Kalau mau bicara urut, teratur, rapi, dengan bukti konkret, dan qarinah jalur yang bersambung secara pasti (tanpa dapat diragukan lagi), maka tudingan-tudingan Said Aqil itu baru perlu dianggap untuk dapat dikategorikan sebagai ucapan yang boleh didengar. Tetapi ketika hanya seperti itu, maka tidak lebih dari bocah-bocah yang duduk-duduk (Jawa: thenguk-thenguk) di buk (jembatan) malam-malam, lalu cerita tentang Genderuwo, Wewe Gombel dan semacamnya. Di pojok sana-sana dan sana itu ada Genderuwonya, ada Wewe Gombelnya, ada perinya yang punggungya growong dan sebagainya. Alasannya, karena ada orang jatuh ketika naik sepeda malam-malam di pojokan sana itu, jatuhnya itu karena keburu-buru akibat ketakutan Genderuwo, hingga akhirnya tak dapat mengendalikan sepeda motornya dan terjebur ke jurang, lalu mati.
Bedanya, cerita yang dilontarkan bocah ini tidak ada dampak apa-apa. Temannya pun hanya menganggapnya sebagai omongan bualan belaka.

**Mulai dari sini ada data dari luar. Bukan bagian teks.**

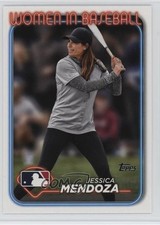 2024 Topps Series 2 Women in Baseball Jessica Mendoza #WIB-2 6o3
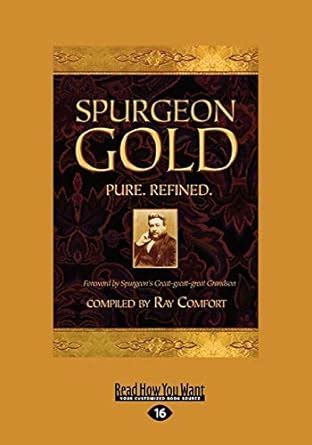 spurgeon gold pure refined Reader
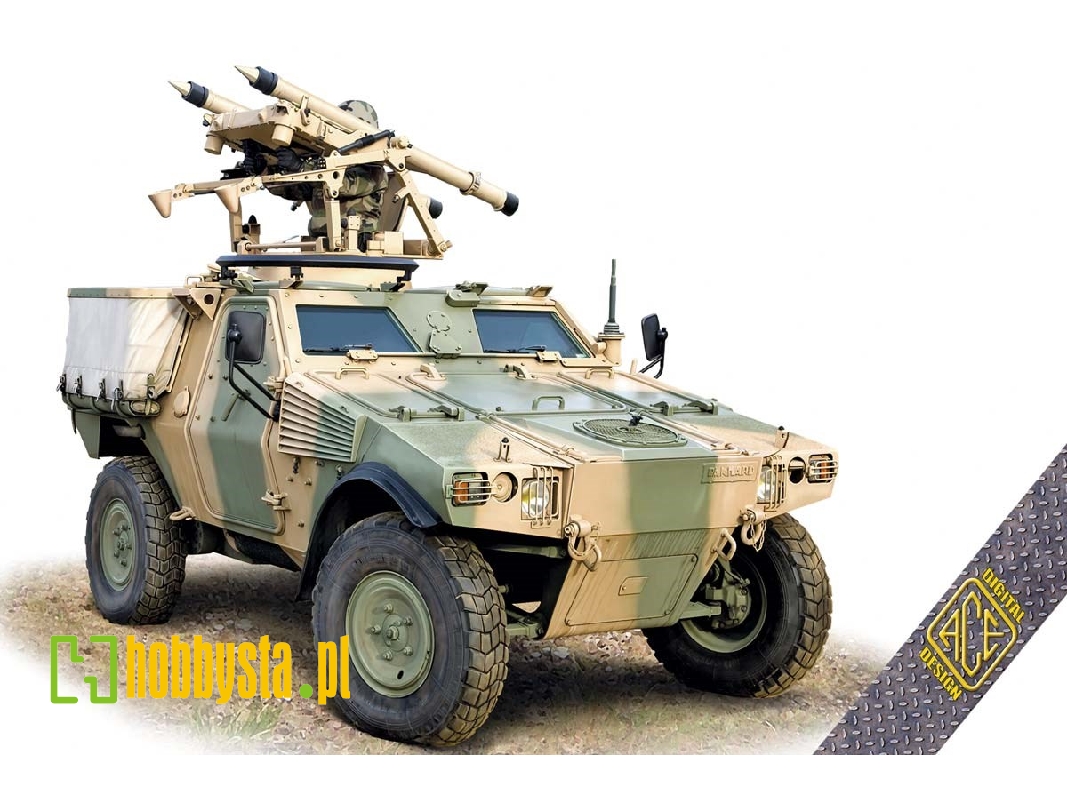 VB2L Mistral (AA version). Long chassis - zdjęcie 1 VB2L Mistral (AA version). Long chassis - zdjęcie 1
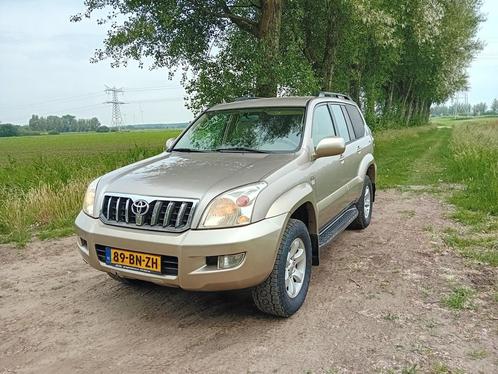 Toyota Land Cruiser 3.0 D-4D VX Window Van MARGE (bj 2004), Auto's, Toyota, Te koop, Landcruiser, 4x4, ABS, Airbags, Airconditioning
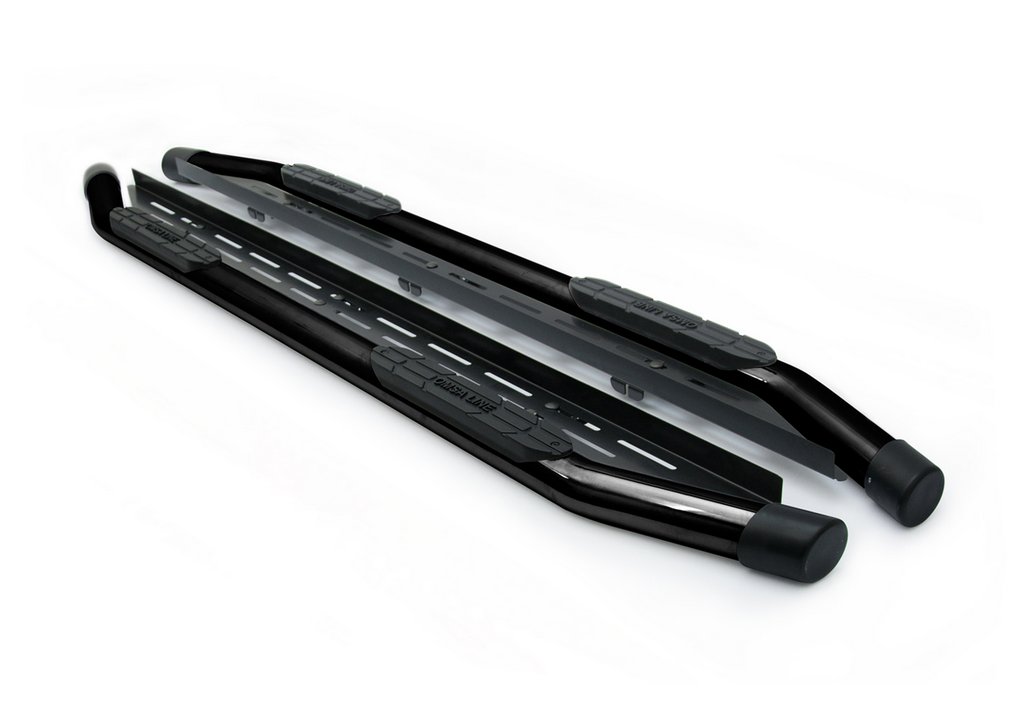 Бокові пороги Amazon Black (2 шт., чорні) 2
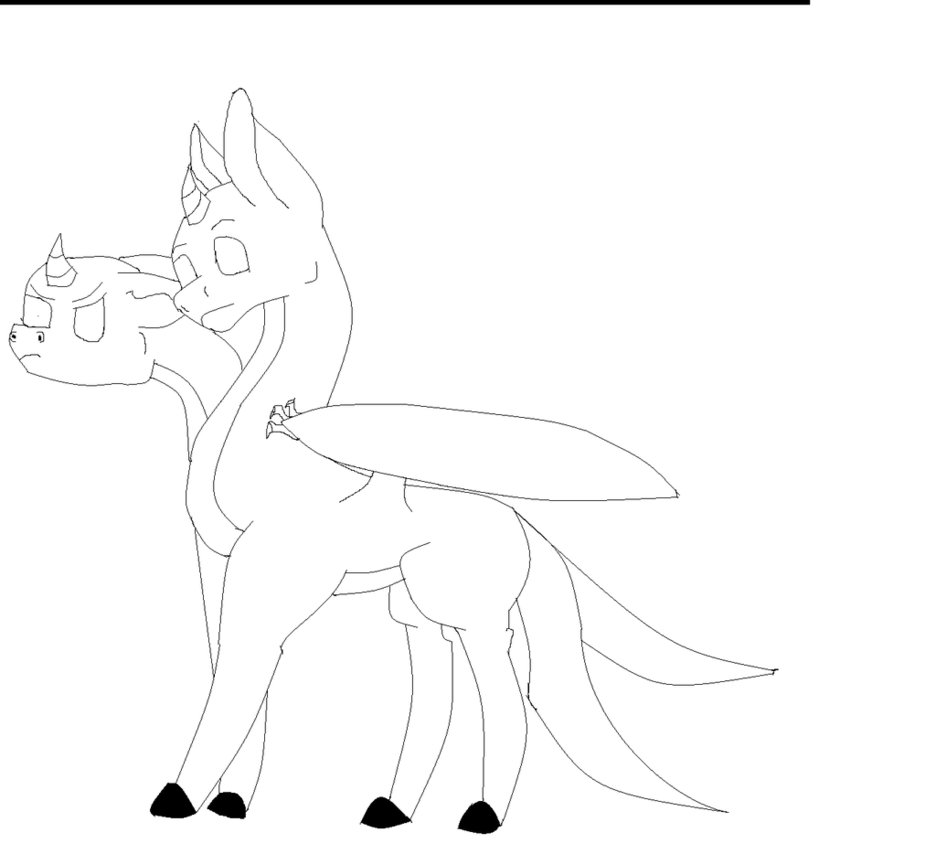 936x854 Two Headed Dragon Base By Howlingmoon2603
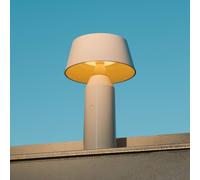 Marset Bicoca, blanco antiguo - con USB-C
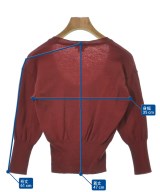 Vivienne Westwood RED LABEL（ヴィヴィアンウエストウッドレッドレーベル）ニット・セーター 赤 サイズ:S レディース/2200649972081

Dan lain kali ketika si bocah itu bercerita lagi, maka temannya cukup bilang: prek..!!
Tetapi kalau yang “bercerita” itu seorang tokoh bergelar Kyai Haji, Professor Doktor, yang menjabat ketua umum organisasi Islam terbesar di Indonesia, walau mutunya tak lebih dari bocah yang thenguk-thenguk di buk malam-malam itu, namun sebagian orang yang memang kurang dapat berpikir, akan sedikit terpengaruh. Apalagi cerita itu disampaikan di acara resmi dengan tema mentereng, di hotel mewah, tentunya dengan biaya besar. Maka seolah yang dia ceritakan itu sesuatu yang berharga. Walau pada hakekatnya mungkin justru masih lebih mengesankan cerita Genderuwo oleh bocah yang thenguk-thenguk di buk malam-malam itu. [nahimunkar.com]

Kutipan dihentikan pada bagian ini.